LES SECRETS DE L'ÉPÉE - PAR LE BARON DE BAZANCOURT




QUATRIÈME SOIRÉE.




I

    Le lendemain, je continuai ainsi :

     L'assaut, c'est la vie du tireur d'armes, pleine de dangers sans cesse renaissants, d'écueils à surmonter, de ruses à combattre, de pièges à éviter; c'est bien la vie avec ses illusions, ses désenchantements, ses coups inattendus, ses victoires et ses défaites.

     Quelle série innombrable de conseils, de ruses prévues et imprévues j'ai lu dans les traités, bagage bien lourd et souvent impuissant,

     La mère Spartiate disait seulement à son fils, lorsqu'il partait pour le combat :

     « Sois fort, sois courageux, sois prudent. »

     Ces mots ne renfermaient-ils pas tout ?

     De près ou de loin, les combats se ressemblent, depuis les jeux de l'enfant au collège, jusqu'aux opérations militaires les plus stratégiques, et tous les conseils se résument dans cette loi éternelle de l'attaque et de la défense, qui s'appelle: ruse, - prudence, — énergie, — audace,

     Tromper son ennemi, l'attaquer à propos ; c'est le secret des combats.
    Se méfier des embûches qu'il peut vous tendre ; - avoir à la fois la prudence qui déjoue les pièges, l'énergie et l'audace qui triomphent des difficultés ; - chercher à inspirer à son ennemi une téméraire confiance ; — tourner les obstacles que l'on ne peut aborder de front ; — feindre d'attaquer sur un point, lorsque l'on veut au contraire réunir tous ses efforts sur un autre; — se montrer faible, là où l'on est fort, pour attirer son adversaire de ce côté ; — masquer ses projets ; — dissimuler ses approches, — puis surprendre par l'élan soudain de ses attaques, et, si l'on ne triomphe pas, se ménager une retraite sûre ;
    N'est-ce pas, depuis les temps les plus ancien, la règle de tous les grands capitaines qui ont dirigé des armées?

     C'est la science des champs de batailles. — C'est celle aussi des combats d'homme à homme.
    Pourquoi ? — Parce que l'habileté, le stratagème, la science, peuvent changer de nom, mais jamais d'essence.

     Les véritables conseils, les voilà : — le reste appartient il l'inspiration, il cette intuition secrète qui se décuple au moment du danger, qui nous avertit et nous guide.

     Il me semble que l'on veut donner trop de droit à l'étude, pas assez à l'intelligence de chacun.

     Si cette intelligence, que les leçons ont façonnée, dirigée, est assez étroite pour ne rien deviner, ne rien saisir au vol, et ne s'inspirer de rien ; n'attendez d'elle quoi que ce soit ; — elle restera muette à vos conseils qu'elle s'empressera d'oublier.

     C'est le point où commencent à se diviser les deux écoles dont je vous ai déjà laissé entrevoir les différences. — Nous ne reviendrons donc pas, sur l'ensemble des idées générales, vous les connaissez déjà.

II

     S'il vous était donné, par un retour sur le passé, d'assister à un des assauts que donnaient les professeurs d'escrime il y a seulement cinquante ans, quelle différence vous trouveriez avec la méthode même la plus scrupuleusement académique de nos jours ; — celle-là, à coup sûr, serait appelée révolutionnaire.
    Il n'est pas loin de nous, le temps où l'on décorait une veste d'armes d'un beau coeur rouge sur la poitrine, comme pour indiquer aux yeux de tous la place où les coups devaient porter.
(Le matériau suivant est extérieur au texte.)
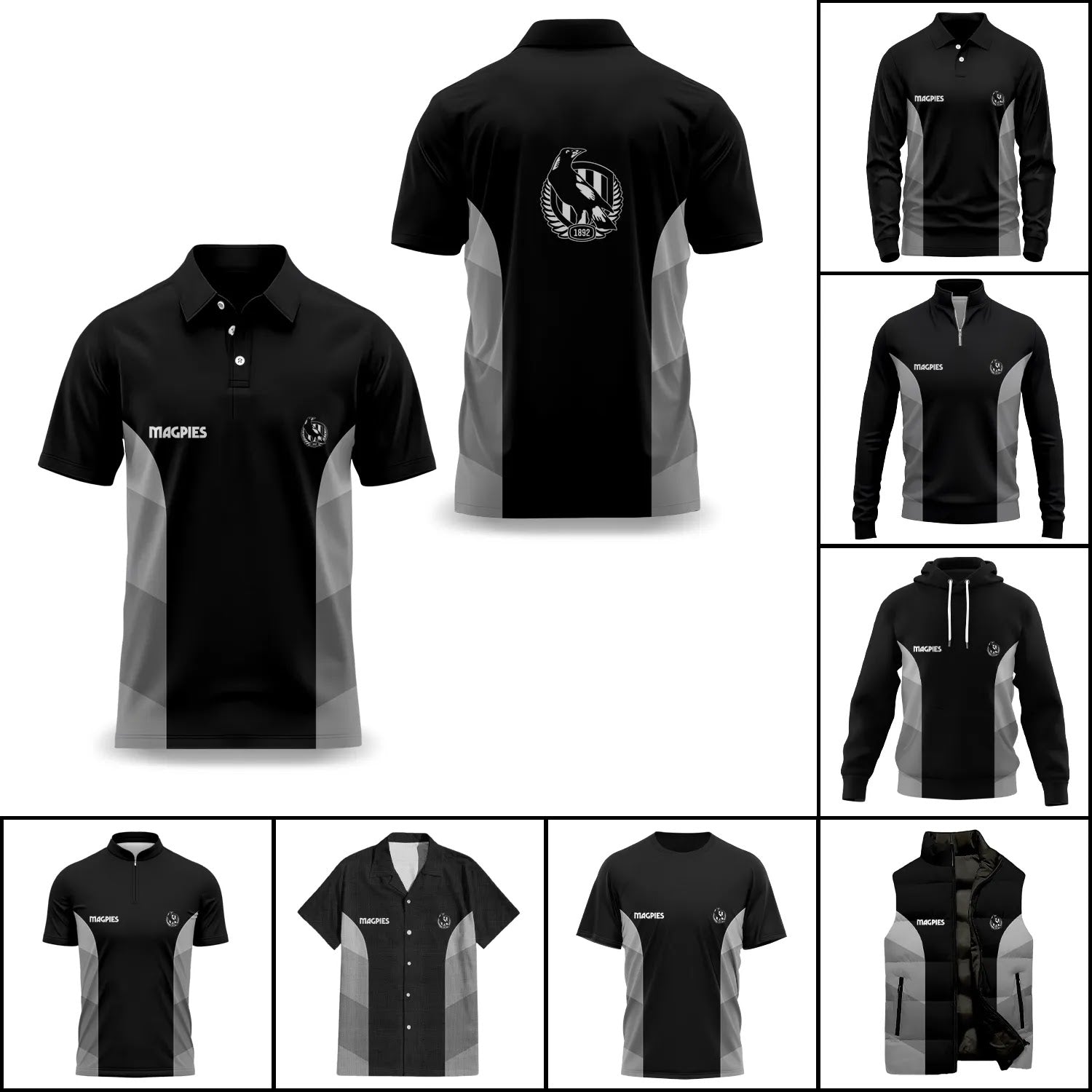 Collingwood Magpies Apparels SC049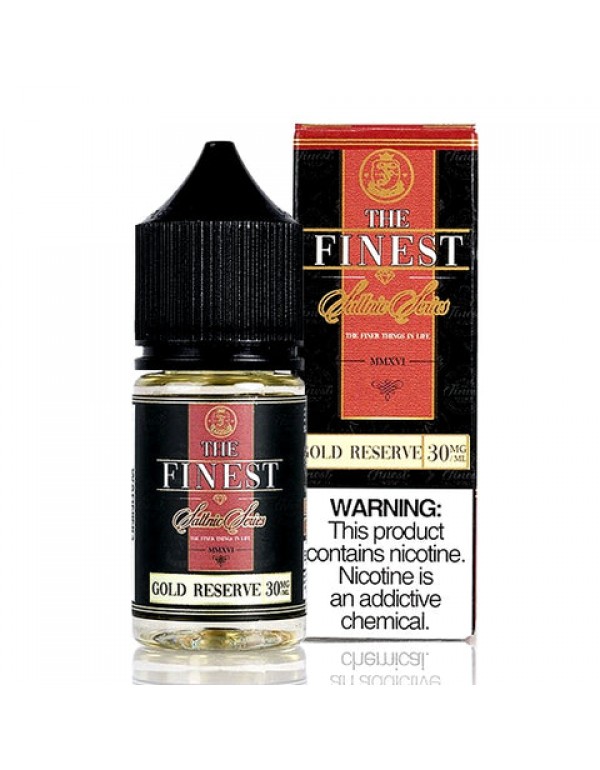 Gold Reserve Salt- The Finest E-Juice [Nic Salt Version]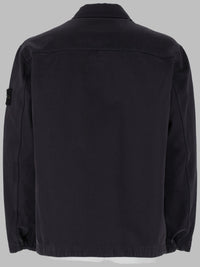 Stone Island Men Overshirt In Twill Di Cotone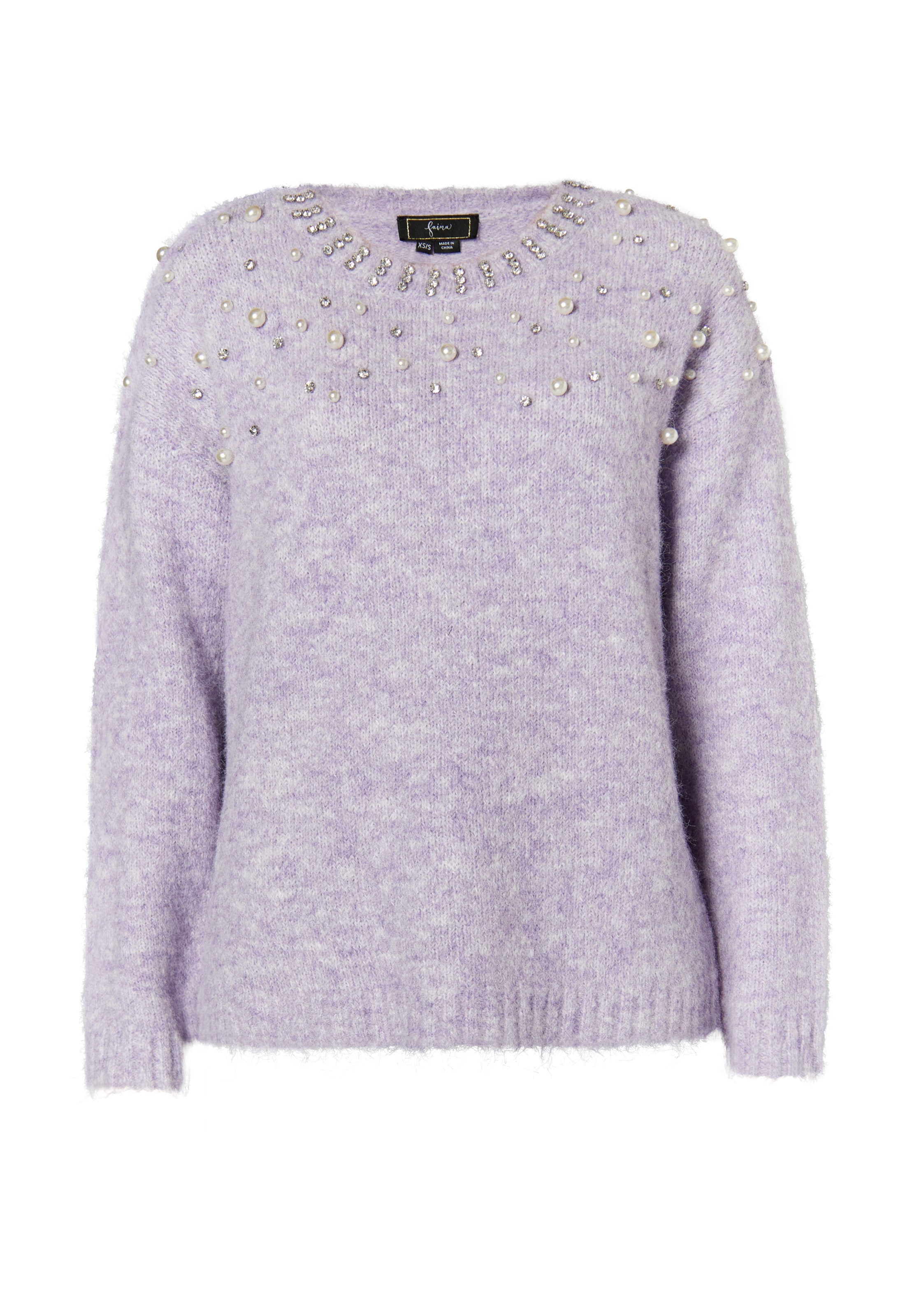 faina Pulóver 'Koosh' - lila: elől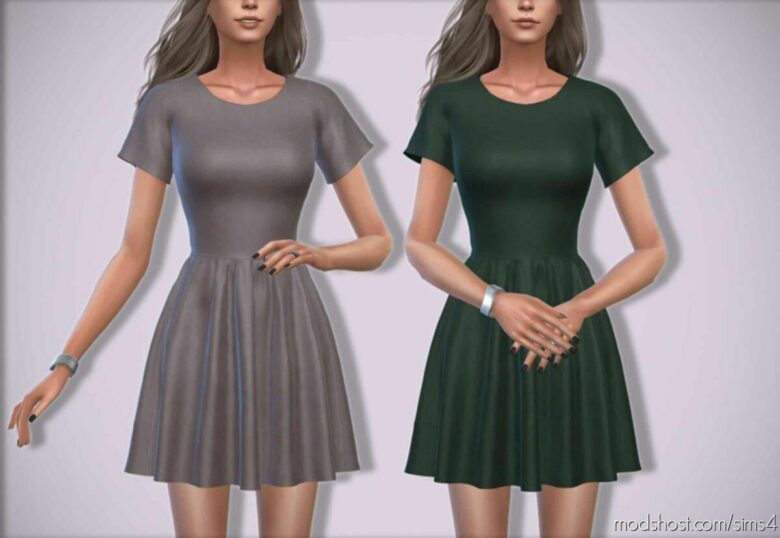 Sims 4 Party Clothes Mod: Alexis Dress II (Featured)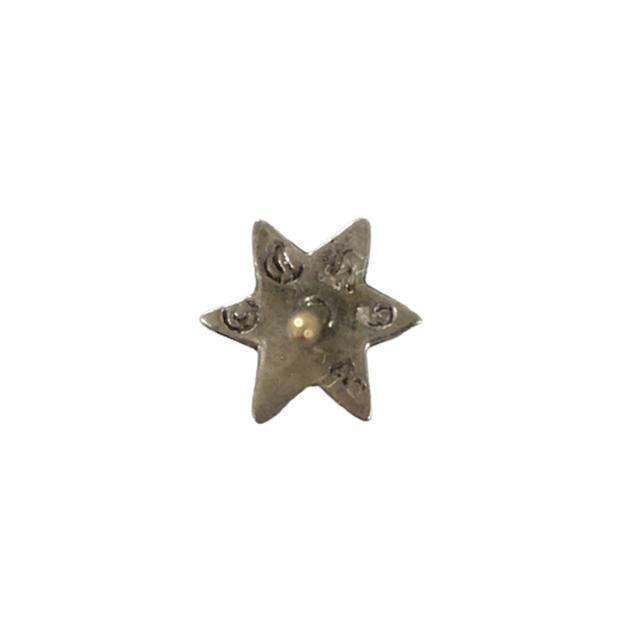 クロムハーツ CHROME HEARTS スタッド ピアス スター CO STAR EARRING シルバー 14K【A0】メンズ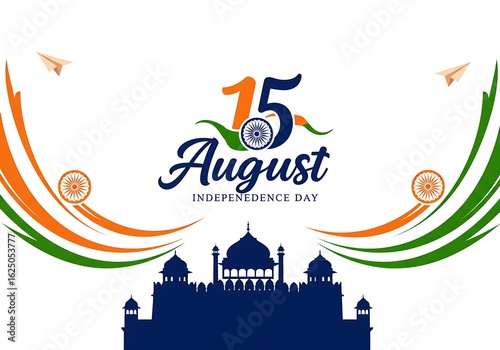 Happy Independence Day India: August 15th Celebration Design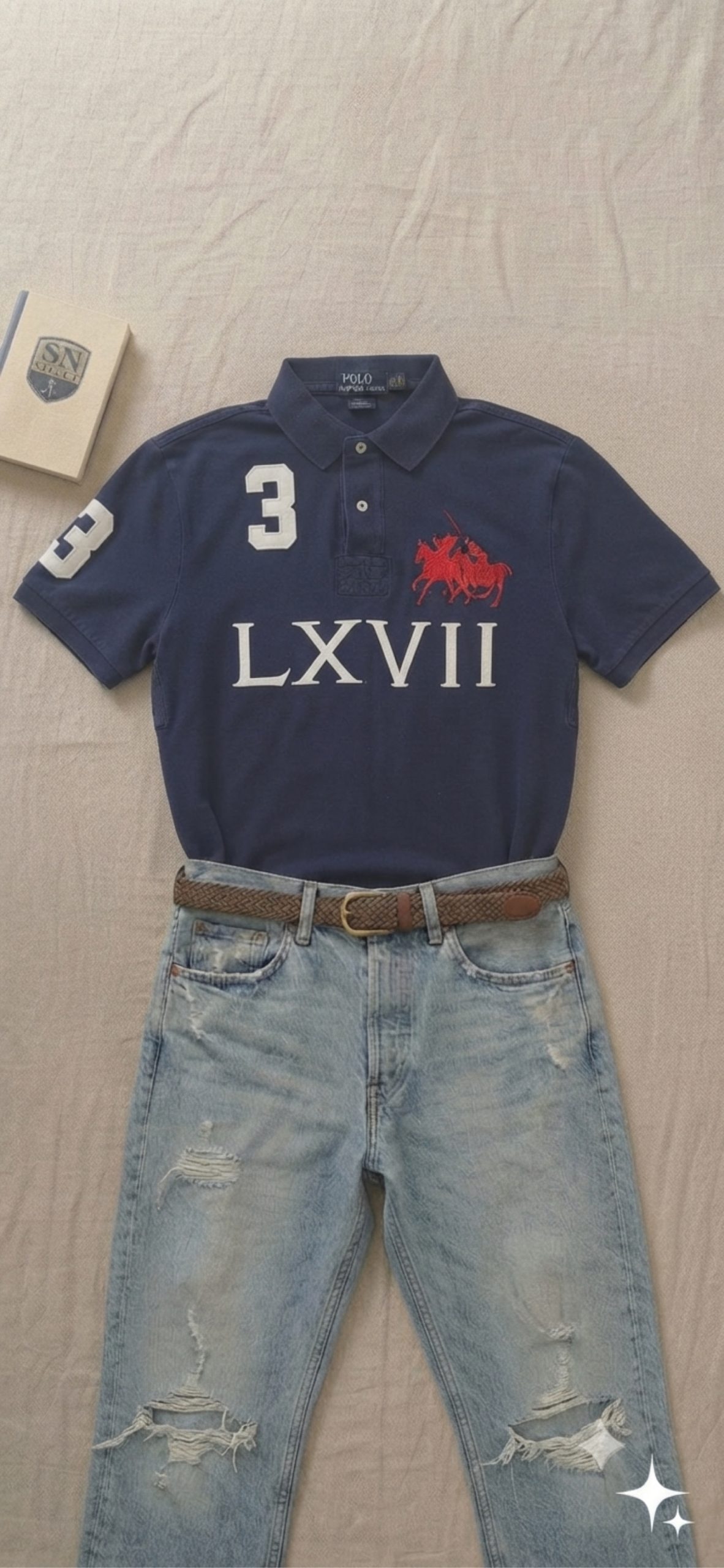 Ralph Lauren Big Pony Polo T Shirt Medium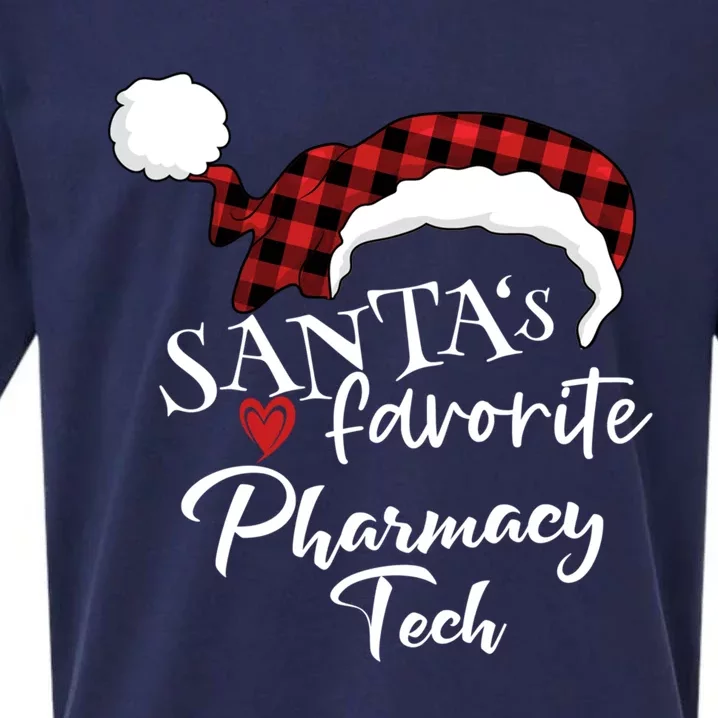 SantaS Favorite Pharmacy Tech Gift Sueded Cloud Jersey T-Shirt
Les attaques, les parades, les ripostes étaient d'avance circonscrites dans un cercle limité. — Un coup qui déviait de ce centre, était réputé exécrable et accueilli avec le plus profond dédain.

     Aujourd'hui, on a bien voulu se départir un peu de cette grande rigueur et accepter, par exemple, le coup qui vous frappe à l'aine ; — mais le ventre, le bas-ventre : «  où voulez-vous, disent encore le plus grand nombre, que j'aille chercher votre lame par là ? — Le ventre, bon Dieu ! que vient-il faire dans une question d'art ?
    «  Au lieu d'être dans une salle d'escrime, serions-nous, par hasard, dans une salle de clinique ?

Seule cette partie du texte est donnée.